I'd like to offer some comments on the implementation of the step length which will hopefully make its use a bit more clear.
The short explanation: the volume step length determines the accuracy of your render. Ie. if you have a very dense smoke, with a relative huge step length to the scale of the volume, then the loss in accuracy will make the volume appear less dense.
The long explanation:The usual medium node on a cube with a specular material works in a similar way to a volume. The difference is that we can calculate exactly where in the cube a particular camera ray will scatter, and how much light will be absorbed, and emitted. This also means that it is faster than using a volume.

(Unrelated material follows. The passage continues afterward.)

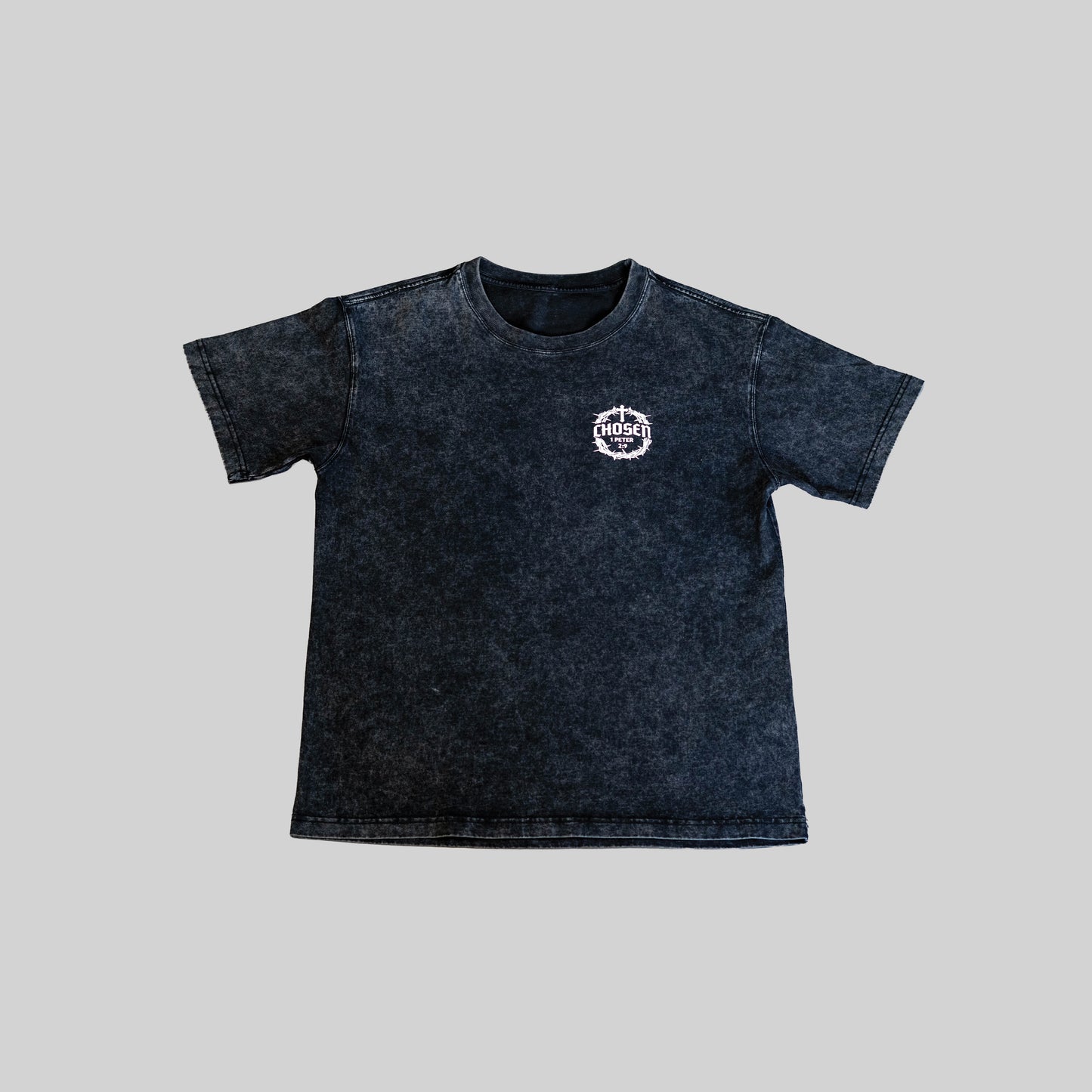 OVERSIZE ACID WASH CHOSEN BY GOD TEE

Calculating where exactly in a volume of smoke and/or fire a camera ray will scatter is more complicated, you can't calculate the exact point. You also can't calculate how much output radiance there will be in that camera ray, and can't calculate the change in throughput either. We solve this problem by "ray marching"; looking at individual portions of the camera ray, as it travels through the volume.

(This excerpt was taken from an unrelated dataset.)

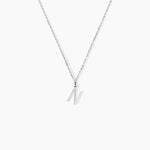 Pendentif Ionia Lettre Or Blanc - Pendentifs Famille | Histoire d&rsquo;Or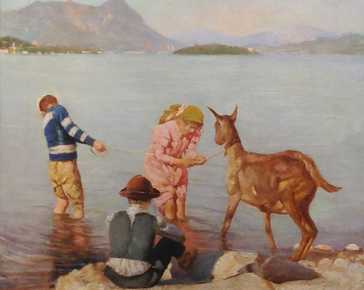 Muzii Alfonso - On the lakeshore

In mathematical terms, we numerically solve the volume rendering integral because there is no analytical solution for it. The mathematics demand that we assume the volume does not change in the portion that we are currently looking at. This is key.
In the following image, the density of the volume is not changed at all, but step lengths are shortened from 10m. The volume dimensions are roughly 100m by 100m by 200m tall, the step length is also measured in meters.

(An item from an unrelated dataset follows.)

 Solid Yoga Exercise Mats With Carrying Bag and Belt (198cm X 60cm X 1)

To illustrate the effect, set a volume density to the max value. Set the step length to a very high value and it'll look transparent. Set it very low, and you will see the individual voxels rendered like a diffuse material - this will be physically accurate, because the voxels are very dense. (ie. lower the step length, and it'll always get more accurate)
I hope this helps. My recommendation is to lower the step length to balance what is manageable by your hardware with the accuracy you require.